Which web search engines have their own index? Evidence from website visits
by Stephen Hewitt | Published | Last updated
This article presents statistics for web page requests for cambridgeclarion.org where the User Agent string purported to be that of a search engine spider (also called a crawler or bot). Such statistics provide some evidence of which search engines are maintaining an independent index using their own crawler and the level of activity of that crawler.
These statistics are for a two month period ending on 9 September 2021 and do not include requests for image files.

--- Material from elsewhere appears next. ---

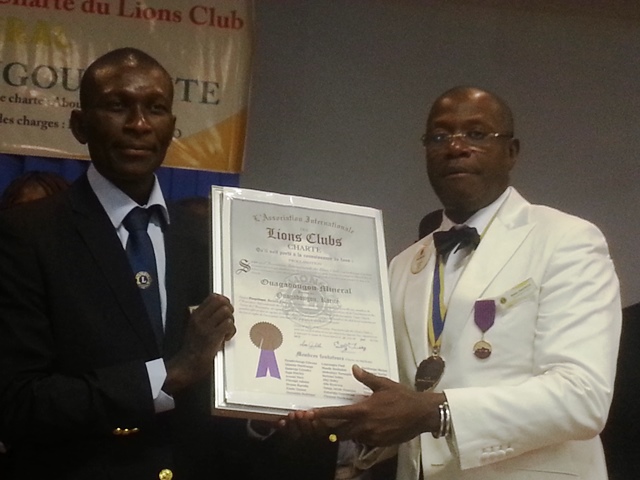 Fabrice Yago en noir recevant la charte des mains du gouverneur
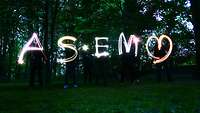 Menschen schreiben mit Licht „ASEM“ in die Luft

IP addresses were not logged or checked in this exercise, so there is no proof that the declared User Agent string is genuine. However, the absence of a request with an official User Agent string can demonstrate a negative, namely that a crawler from a particular search engine did not make a page request. For example, no User Agent string that could be associated with Brave was seen, and neither was one for Gigablast, during the entire period.

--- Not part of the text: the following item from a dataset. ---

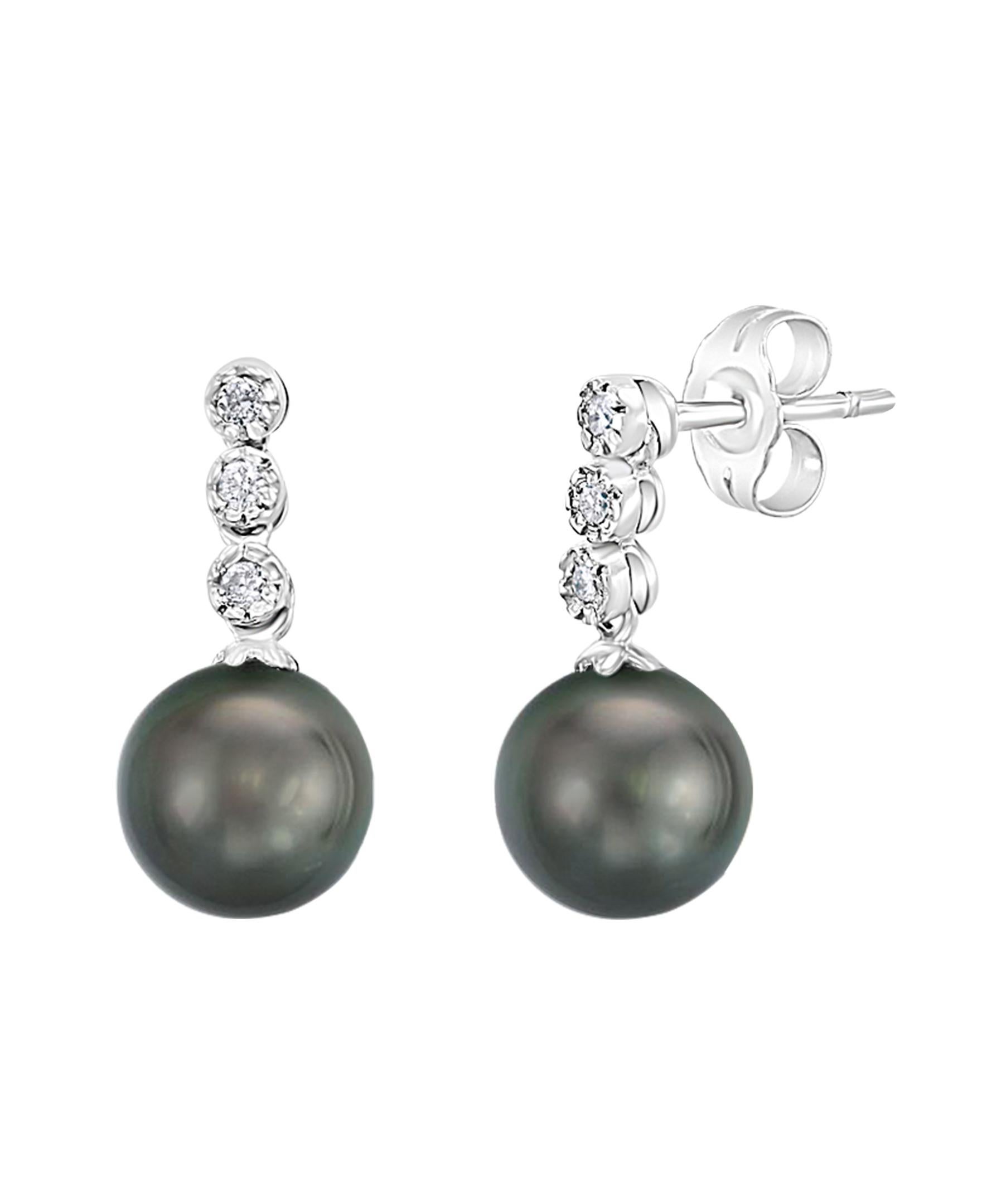 These elegant Diamond and Pearl earrings contain South Sea Tahitian dark green round cultured pearls measuring 7-8mm dangling from 0.09 carats of diamonds set in white gold. Simple, yet elegant, these earrings are a great addition to any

In general these collected statistics put a reliable upper bound on the number of page requests from the official crawler of each search engine, if not a lower one.
Table 1 shows the number of page requests associated with each search engine. A page is defined here to mean an HTML page, a PDF file or a plain text file, so requests for images and anything else embedded in a page were not counted. It also excludes requests for favicon.ico, robots.txt and the non-existent ads.txt.

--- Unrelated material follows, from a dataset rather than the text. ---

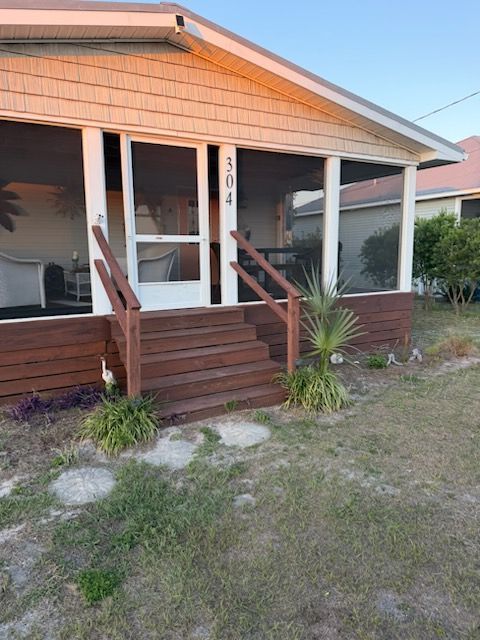 Small porch with steps and railing on a peach house, number 304, with lawn in front.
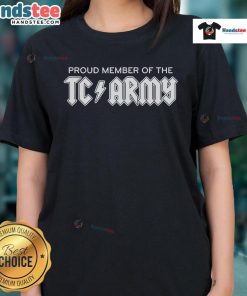 Tom Caron proudly wearing a TC Army Metal Ladies Tee, showcasing team spirit and stylish design.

Search engine | Number of requests | Requests relative to Googlebot | Unique pages requested | Unique pages relative to Googlebot |
---|---|---|---|---|
Baidu | 159 | 5.80% | 73 | 17.98% |
Bing | 4,188 | 152.79% | 816 | 200.99% |
Coccoc | 83 | 3.03% | 2 | 0.49% |
2,741 | 100% | 406 | 100% | |
Infotiger | 261 | 9.52% | 257 | 63.30% |
Marginalia | 1,344 | 49.03% | 741 | 182.51% |
Mojeek | 157 | 5.73% | 149 | 36.70% |
Naver | 21 | 0.77% | 15 | 3.69% |
Neeva | 25 | 0.91% | 21 | 5.17% |
Petal | 4,959 | 180.92% | 899 | 221.43% |
Qwant | 323 | 11.78% | 313 | 77.09% |
Seznam | 678 | 24.74% | 347 | 85.47% |
Sogou | 384 | 14.01% | 14 | 3.45% |
Yandex | 1,101 | 40.17% | 672 | 165.52% |
Table 2 shows the observed User Agent strings (truncated to a maximum of 189 characters) that contributed to the counts in Table 1.
Some User Agents strings seen in requests do not appear in Table 2 because they did not contribute to the counts. This was the case, for example, when only requests for image files and robots.txt were received with a particular User Agent string. One string has been omitted on the grounds that it was likely fake. It does not match any of the Googlebot strings as presented at https://developers.google.com/search/docs/advanced/crawling/overview-google-crawlers in May 2022. None of those included “iPhone”.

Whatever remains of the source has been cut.